Desde el inicio de la fotografía, tan confuso como cualquier otro inicio, se la vincula directamente con la pintura. De una manera inequívoca, si es un soporte en plano, si no tiene volumen, si la luz define su existencia, se trata de algo similar a una pintura. Los temas tratados son también esencialmente los mismos de la pintura: paisaje (urbano, sobre todo al principio), naturalezas muertas y bodegones y, según el tiempo de exposición se acorta, retrato. Efectivamente, la fotografía se inicia ocupando algunos capítulos antes ocupados por el dibujo o por la pintura, como la documentación en juicios o la información y seguimiento de las guerras, que dejan atrás al pintor para que su puesto quede en manos de fotógrafos. La documentación de los hechos y las personas, la prensa y la taxonomía, los archivos. Paulatinamente, la fotografía se convierte en un apoyo al pintor en su estudio, sustituye hasta a los modelos, incluso a las salidas al aire libre: se fotografía lo que se quiere pintar, y en el estudio ya se tiene el modelo a seguir. Ciertamente, en la memoria retiniana de los nuevos y de los futuros fotógrafos, según se iban acercando más a la creación artística y se alejaban de la pura documentación, el espíritu artístico se asociaba a la pintura. Las memorias visuales apegadas a nuestro cerebro proceden de la pintura: la lógica del lenguaje genera el término esencial “fotografía pictorialista”. La escultura queda fuera de cualquier vínculo, en primera instancia. Andres Serrano, fotógrafo estadounidense, estudió bellas artes con el objetivo de ser pintor: “quería pintar la sangre, la leche, la orina, el flujo de los líquidos… y me di cuenta de que la fotografía era más real, más fiel, más rápida, que esa era la imagen que yo buscaba y que con la pintura posiblemente nunca hubiera conseguido”.

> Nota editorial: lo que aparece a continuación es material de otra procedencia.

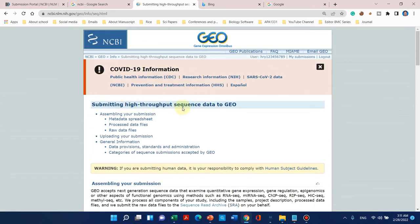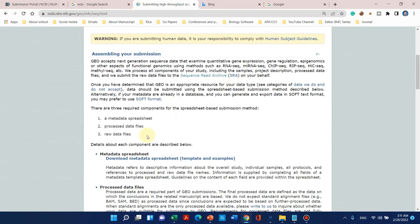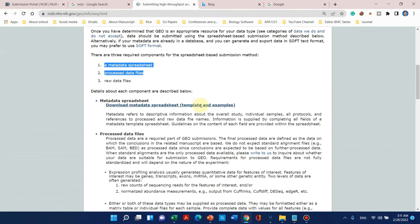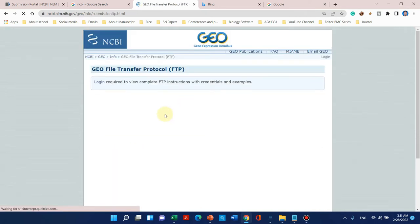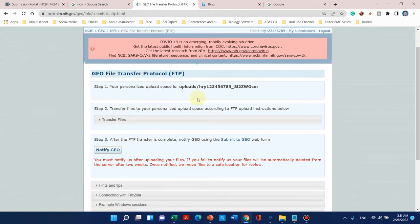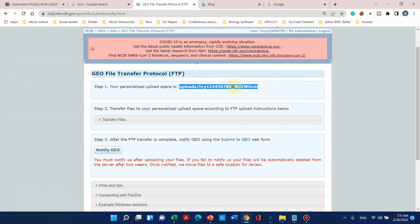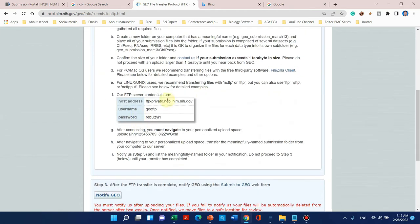When you click on 'Submitting High Throughput Sequencing Data to Gene Expression Omnibus,' you need three things. Here you can see 'Uploading your submission — transfer all of your files to the GEO FTP server.' This server is linked with the NCBI database. If you are logged in, you will see your folder, but I don't recommend using this folder for RNAseq data submission. If you are using high-throughput Illumina sequencing, then this folder can be used.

La mirada es más rápida que el trabajo de taller y los escultores también miraron con curiosidad la aparición de la fotografía y su cada vez más estrecha cercanía con las bellas artes. Para los escultores, la fotografía se convirtió rápidamente en una herramienta esencial para ver con más detalle el movimiento de los cuerpos, los detalles físicos… Pero el escultor siempre ocupa un espacio menor en la historia del arte; mientras todos los ojos miran a la pintura y a los pintores a través de los siglos, los escultores desarrollan un trabajo más arriesgado, más complicado, más diverso. Auguste Rodin (1840-1917), Medardo Rosso (1858-1928) y Constantin Brancusi (1876-1957) son tres ejemplos perfectos de cómo la fotografía se entrelaza con la escultura desde sus primeros pasos, y de cómo la escultura va dejando su impronta en una escuela fotográfica que evolucionará bajo parámetros innovadores.
La fotografía metaboliza sus vínculos con la pintura y con la escultura a través de las décadas, pero no se habla, no existe, de hecho, el término “fotografía escultórica”. En este número de EXIT queremos analizar de una manera somera algunas de las formas en que la escultura está presente en la fotografía, en cómo hay realmente una tipología fotográfica que se podría definir como escultórica. Podríamos establecer tres categorías que se entremezclan en ocasiones, dejando que los límites entre unas y otras sean confusos e híbridos, algo que sucede siempre con los límites y las fronteras. El primero sería aquella fotografía que se hace de piezas escultóricas directamente, realizadas por el artista (escultor y fotógrafo); una segunda sería la que construye un cuerpo escultórico, una pieza tridimensional, que se escapa del plano y adquiere un cuerpo físico, con material fotográfico; y la tercera —y a la que dedicamos casi íntegramente este número de EXIT—, aquella obra fotográfica que desde su bidimensionalidad es una escultura. No son solo fotógrafos, son artistas que se mueven al borde de la frontera entre el plano y el volumen, entre la quietud y el movimiento, entre la fotografía, la escultura y la performance o el baile. Alteran la percepción del mundo como el naturalista que clava una mariposa con un alfiler en un pergamino, o el cartógrafo que realiza un mapa en un papel para decirnos cómo son los ríos y las montañas, los valles y las flores de un territorio: nos muestran en una fotografía la energía, el movimiento y la vida de las cosas y de los cuerpos.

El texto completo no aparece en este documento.